Return exactly, please, the line that contains "תמונת דוגמן אחורית של מכנסי ג'ינס" and every line after it through the end of the material that follows, leaving pictures aside.

──────────────────────────────

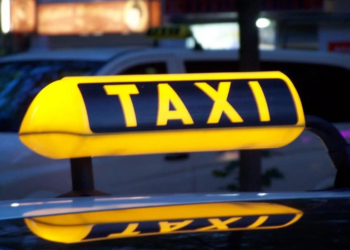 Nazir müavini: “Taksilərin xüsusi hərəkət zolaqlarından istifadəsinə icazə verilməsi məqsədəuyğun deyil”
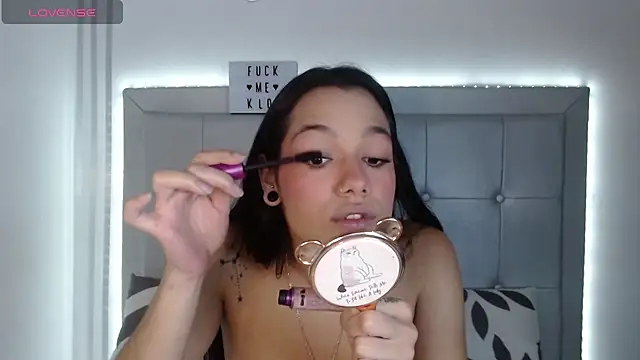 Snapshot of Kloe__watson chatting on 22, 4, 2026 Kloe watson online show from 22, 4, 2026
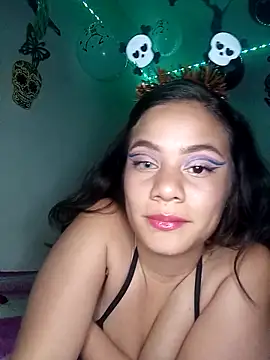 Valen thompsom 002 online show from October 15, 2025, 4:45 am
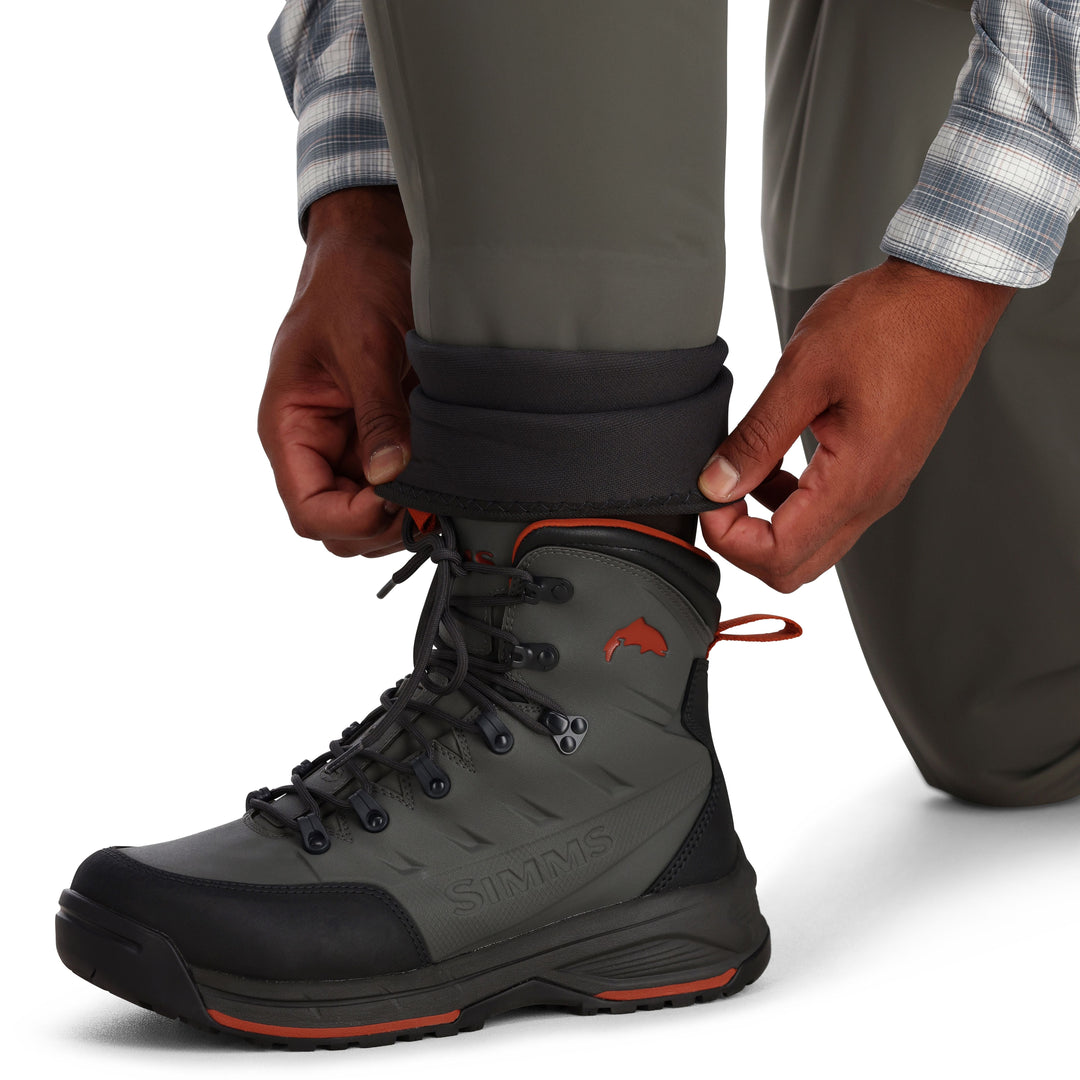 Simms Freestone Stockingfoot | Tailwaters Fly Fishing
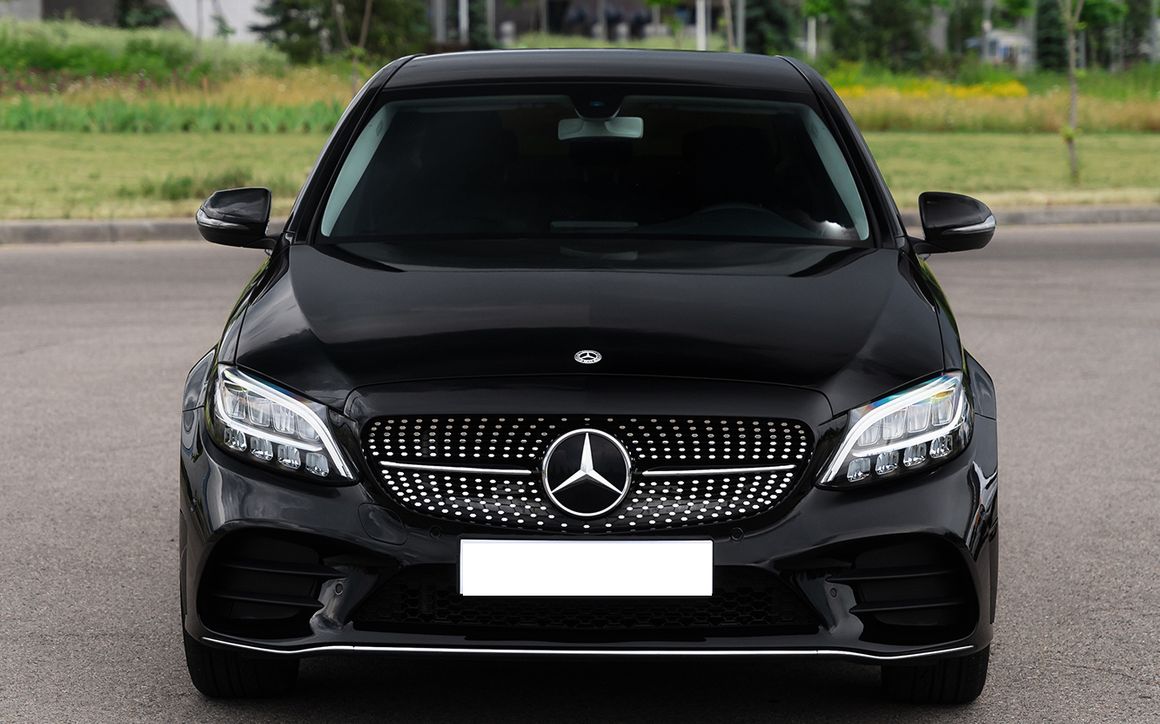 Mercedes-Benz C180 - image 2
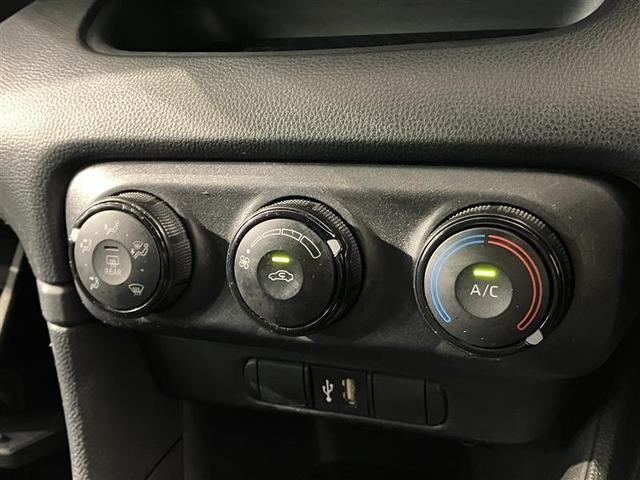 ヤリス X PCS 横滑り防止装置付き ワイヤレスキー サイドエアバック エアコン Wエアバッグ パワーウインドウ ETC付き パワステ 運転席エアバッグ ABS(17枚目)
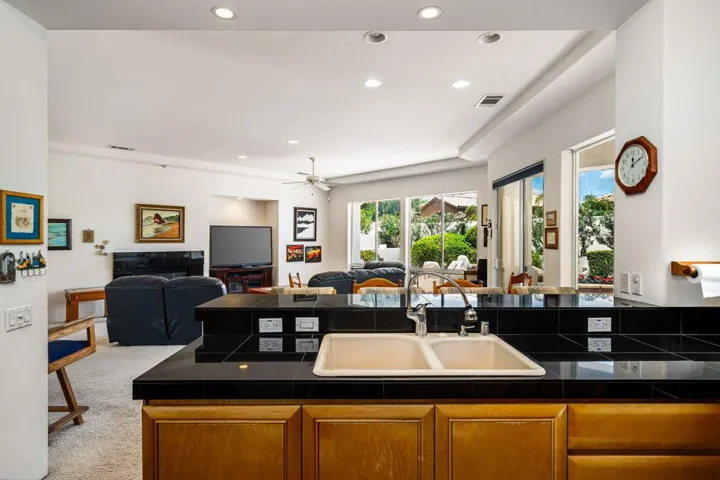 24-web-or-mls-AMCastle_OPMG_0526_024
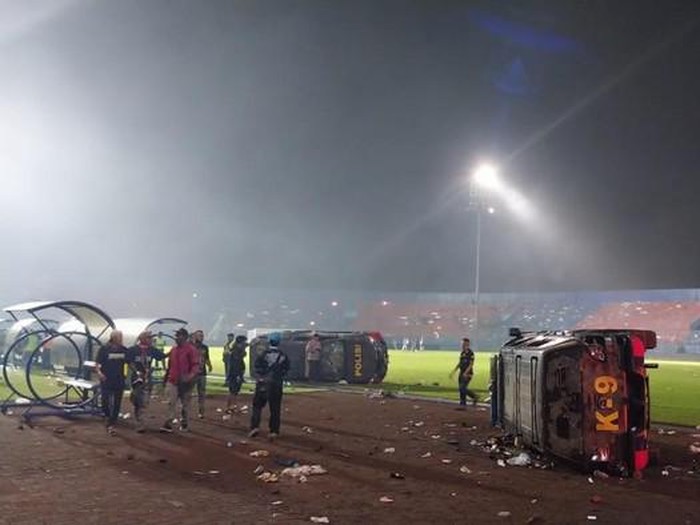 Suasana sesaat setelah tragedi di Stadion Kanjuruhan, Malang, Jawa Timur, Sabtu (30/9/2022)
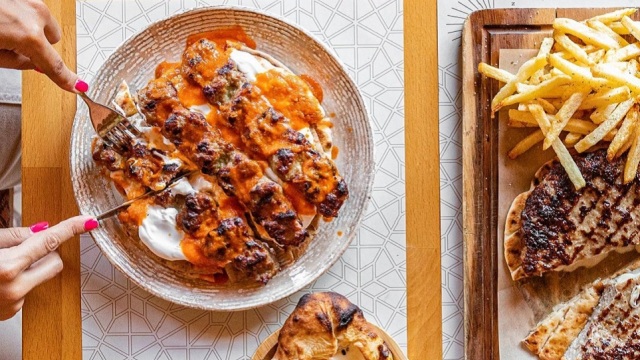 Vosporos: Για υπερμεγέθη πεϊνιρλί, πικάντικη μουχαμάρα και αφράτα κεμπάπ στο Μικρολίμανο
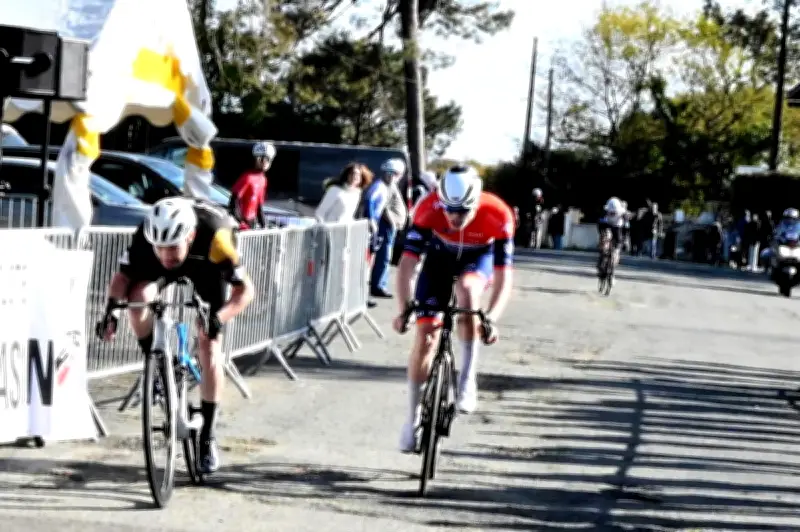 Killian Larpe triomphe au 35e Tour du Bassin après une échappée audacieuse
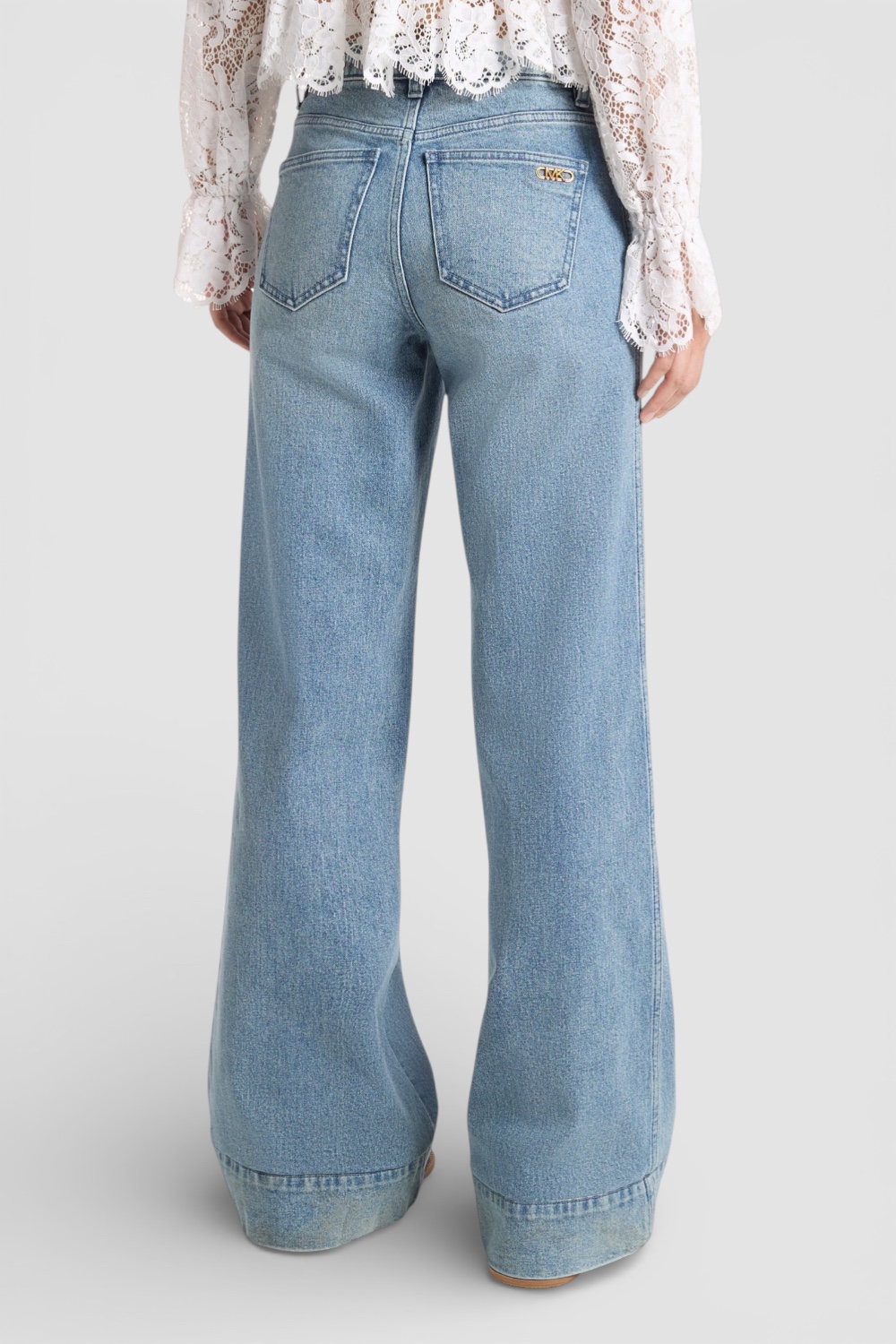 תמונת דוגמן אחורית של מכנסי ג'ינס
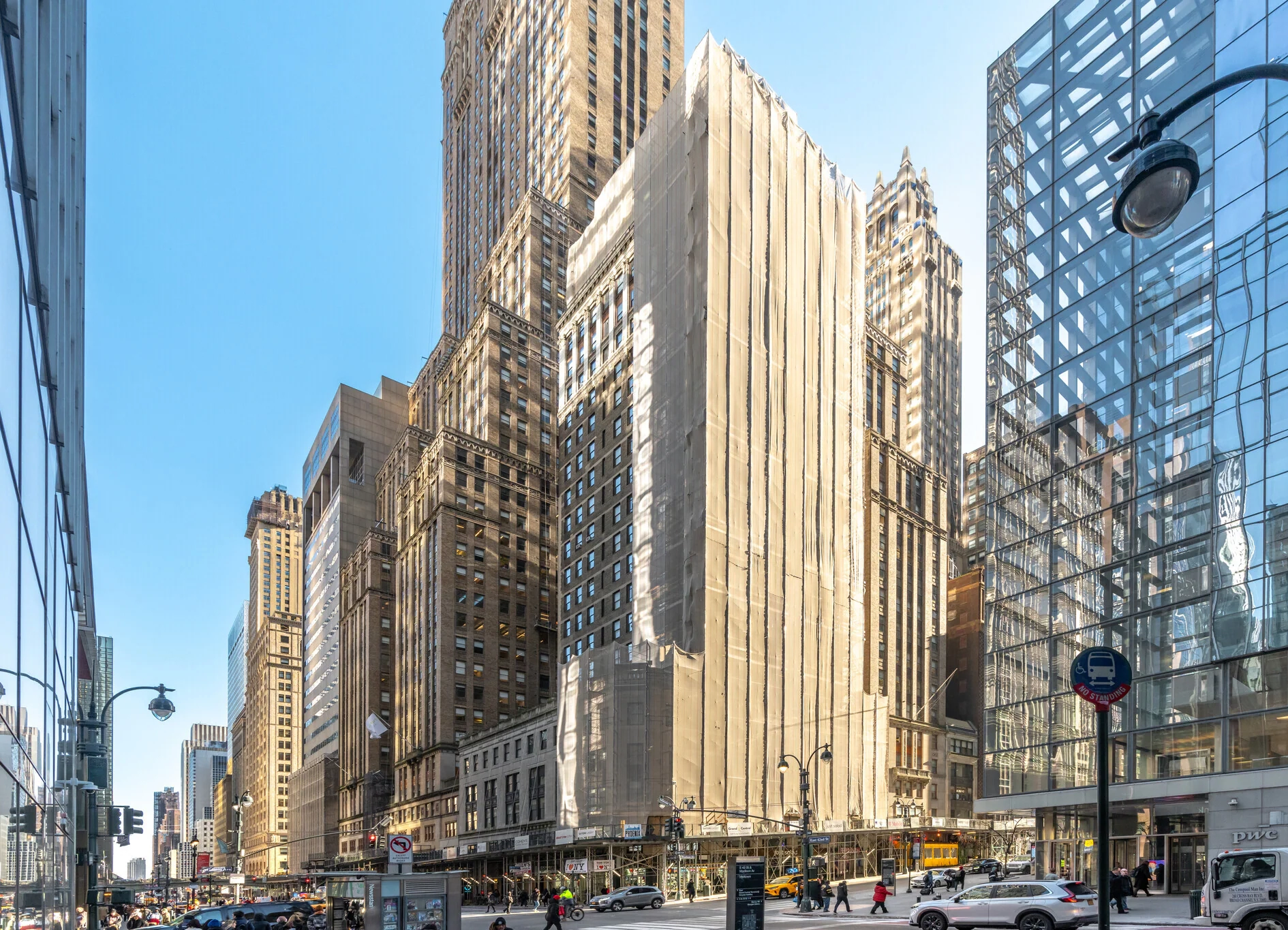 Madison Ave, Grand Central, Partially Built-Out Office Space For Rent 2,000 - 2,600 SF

──────────────────────────────

• [YOUR RESPONSE]
 תמונת דוגמן אחורית של מכנסי ג'ינס
 Madison Ave, Grand Central, Partially Built-Out Office Space For Rent 2,000 - 2,600 SF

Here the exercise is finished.